● **Exercise directions**
From the first line to the last, retype the records exactly and skip the pictures.

● **Stored items**
--------------------
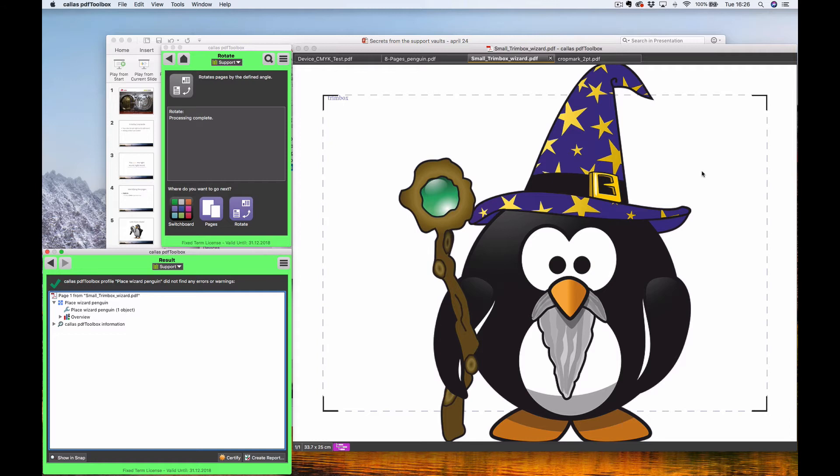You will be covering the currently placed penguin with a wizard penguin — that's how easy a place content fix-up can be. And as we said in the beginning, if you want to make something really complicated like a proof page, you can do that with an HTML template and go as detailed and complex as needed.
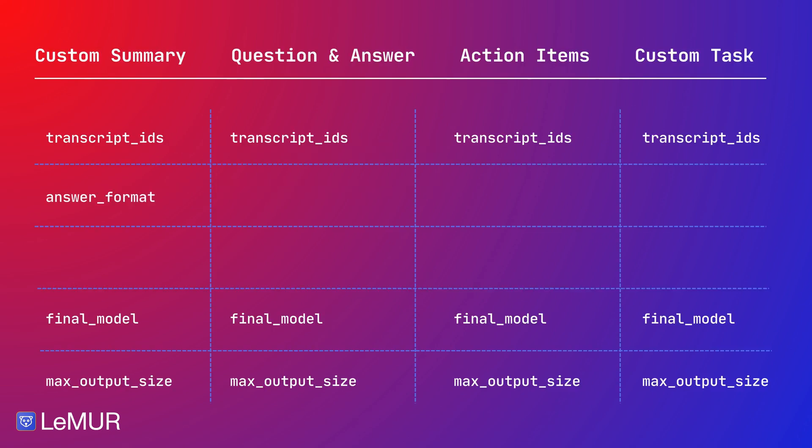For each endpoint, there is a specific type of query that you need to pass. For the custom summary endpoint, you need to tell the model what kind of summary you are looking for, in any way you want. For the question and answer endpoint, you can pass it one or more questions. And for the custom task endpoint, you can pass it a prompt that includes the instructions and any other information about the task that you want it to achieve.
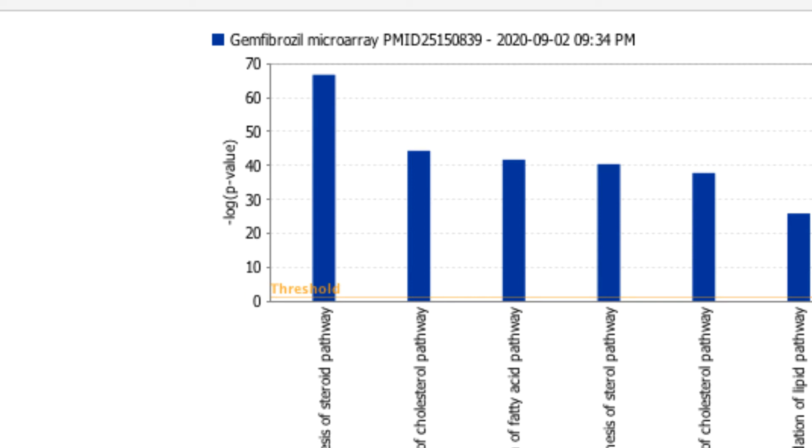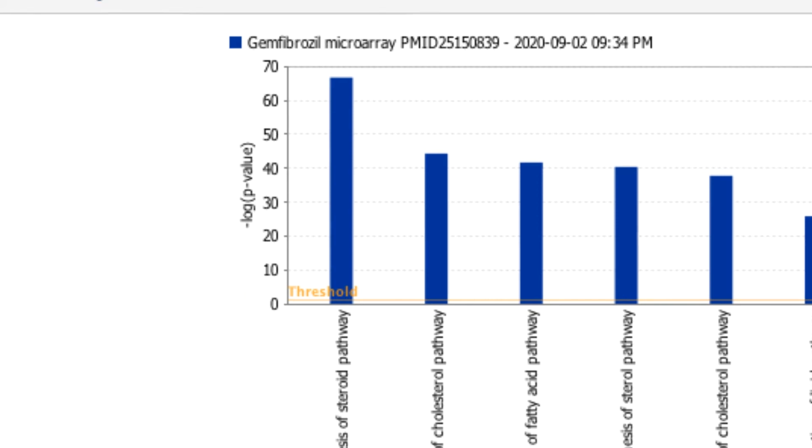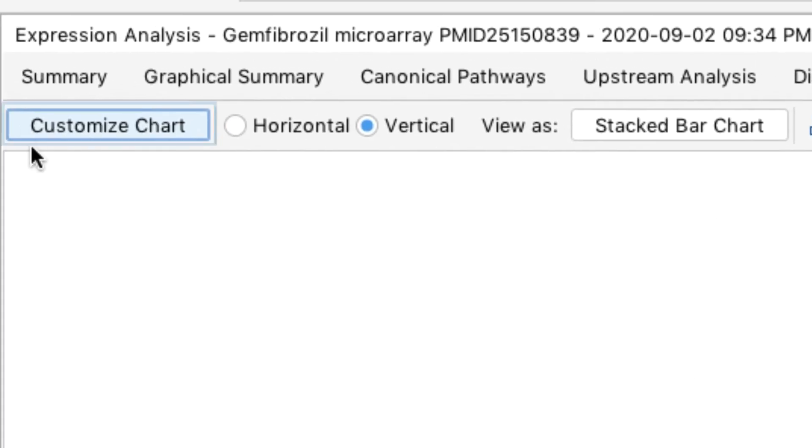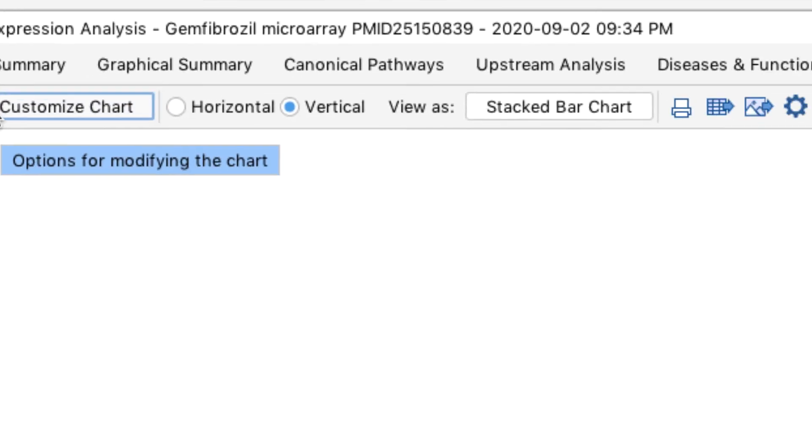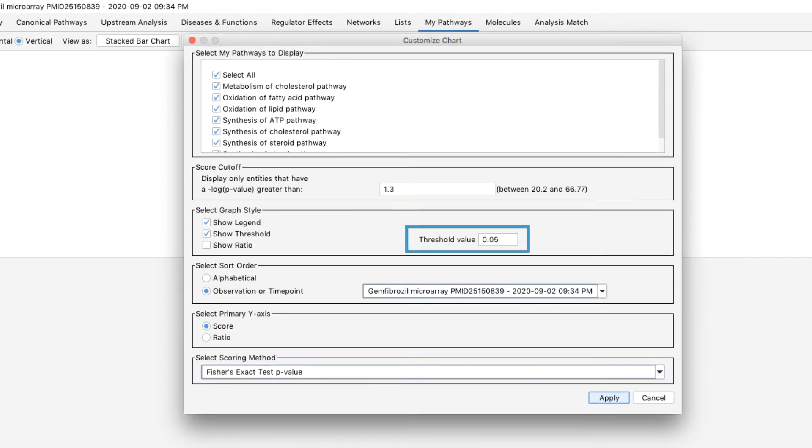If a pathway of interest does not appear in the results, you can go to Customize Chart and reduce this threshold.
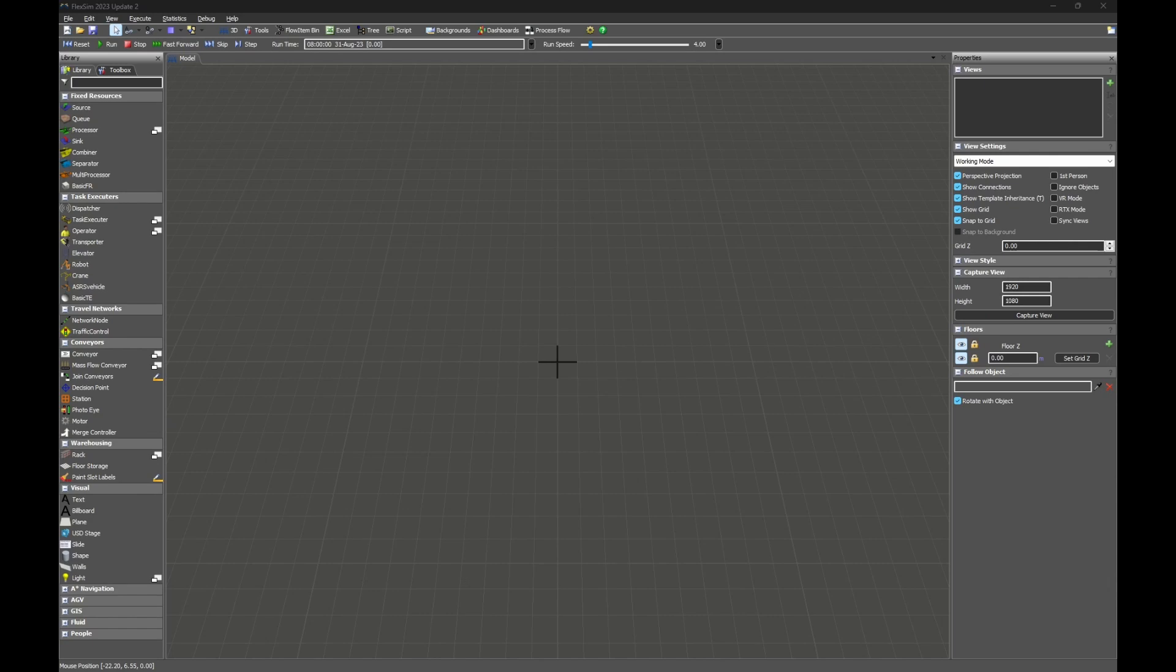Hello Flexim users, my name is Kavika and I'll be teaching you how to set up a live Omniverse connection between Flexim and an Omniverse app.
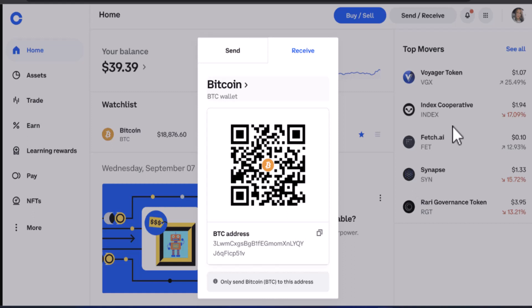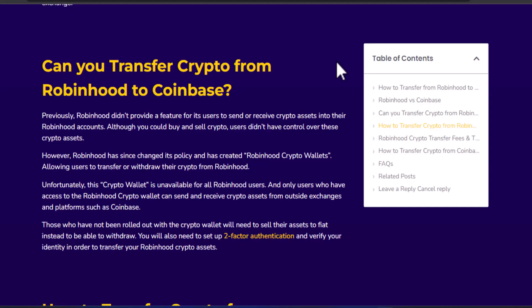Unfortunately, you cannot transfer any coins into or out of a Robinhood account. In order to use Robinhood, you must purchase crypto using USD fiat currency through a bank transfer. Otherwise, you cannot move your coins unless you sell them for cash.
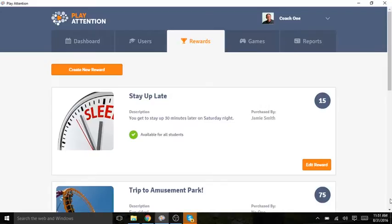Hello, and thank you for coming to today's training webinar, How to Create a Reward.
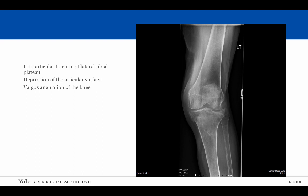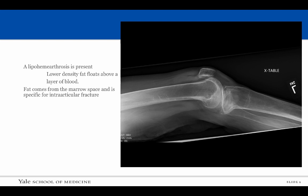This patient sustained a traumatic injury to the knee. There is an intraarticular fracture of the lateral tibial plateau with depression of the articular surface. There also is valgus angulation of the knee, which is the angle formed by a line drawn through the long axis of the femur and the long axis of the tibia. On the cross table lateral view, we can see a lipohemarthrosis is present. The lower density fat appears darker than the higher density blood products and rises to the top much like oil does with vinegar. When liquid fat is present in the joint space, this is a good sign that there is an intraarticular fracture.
--------------------
● **Result**
You will be covering the currently placed penguin with a wizard penguin — that's how easy a place content fix-up can be. And as we said in the beginning, if you want to make something really complicated like a proof page, you can do that with an HTML template and go as detailed and complex as needed.
For each endpoint, there is a specific type of query that you need to pass. For the custom summary endpoint, you need to tell the model what kind of summary you are looking for, in any way you want. For the question and answer endpoint, you can pass it one or more questions. And for the custom task endpoint, you can pass it a prompt that includes the instructions and any other information about the task that you want it to achieve.
If a pathway of interest does not appear in the results, you can go to Customize Chart and reduce this threshold.
Hello Flexim users, my name is Kavika and I'll be teaching you how to set up a live Omniverse connection between Flexim and an Omniverse app.
Unfortunately, you cannot transfer any coins into or out of a Robinhood account. In order to use Robinhood, you must purchase crypto using USD fiat currency through a bank transfer. Otherwise, you cannot move your coins unless you sell them for cash.
Hello, and thank you for coming to today's training webinar, How to Create a Reward.
This patient sustained a traumatic injury to the knee. There is an intraarticular fracture of the lateral tibial plateau with depression of the articular surface. There also is valgus angulation of the knee, which is the angle formed by a line drawn through the long axis of the femur and the long axis of the tibia. On the cross table lateral view, we can see a lipohemarthrosis is present. The lower density fat appears darker than the higher density blood products and rises to the top much like oil does with vinegar. When liquid fat is present in the joint space, this is a good sign that there is an intraarticular fracture.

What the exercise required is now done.